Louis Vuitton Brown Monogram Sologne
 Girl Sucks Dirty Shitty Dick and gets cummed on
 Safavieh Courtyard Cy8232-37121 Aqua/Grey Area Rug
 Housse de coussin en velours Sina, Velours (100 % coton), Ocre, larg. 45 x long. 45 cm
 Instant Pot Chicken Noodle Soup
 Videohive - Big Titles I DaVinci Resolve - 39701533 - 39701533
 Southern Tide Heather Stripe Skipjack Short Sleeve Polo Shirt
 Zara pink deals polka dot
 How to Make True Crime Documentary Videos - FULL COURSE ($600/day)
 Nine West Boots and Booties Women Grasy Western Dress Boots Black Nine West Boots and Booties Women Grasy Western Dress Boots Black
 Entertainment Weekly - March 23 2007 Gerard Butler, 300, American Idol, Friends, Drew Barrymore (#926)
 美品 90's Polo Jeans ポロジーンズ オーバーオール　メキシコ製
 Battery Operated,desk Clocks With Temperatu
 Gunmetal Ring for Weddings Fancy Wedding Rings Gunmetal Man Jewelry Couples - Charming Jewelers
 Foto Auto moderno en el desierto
* * * *
_WHAT THE TASK ASKS_
Everything in the records is to be copied exactly.

_TASK RESULT_
Louis Vuitton Brown Monogram Sologne
 Girl Sucks Dirty Shitty Dick and gets cummed on
 Safavieh Courtyard Cy8232-37121 Aqua/Grey Area Rug
 Housse de coussin en velours Sina, Velours (100 % coton), Ocre, larg. 45 x long. 45 cm
 Instant Pot Chicken Noodle Soup
 Videohive - Big Titles I DaVinci Resolve - 39701533 - 39701533
 Southern Tide Heather Stripe Skipjack Short Sleeve Polo Shirt
 Zara pink deals polka dot
 How to Make True Crime Documentary Videos - FULL COURSE ($600/day)
 Nine West Boots and Booties Women Grasy Western Dress Boots Black Nine West Boots and Booties Women Grasy Western Dress Boots Black
 Entertainment Weekly - March 23 2007 Gerard Butler, 300, American Idol, Friends, Drew Barrymore (#926)
 美品 90's Polo Jeans ポロジーンズ オーバーオール　メキシコ製
 Battery Operated,desk Clocks With Temperatu
 Gunmetal Ring for Weddings Fancy Wedding Rings Gunmetal Man Jewelry Couples - Charming Jewelers
 Foto Auto moderno en el desierto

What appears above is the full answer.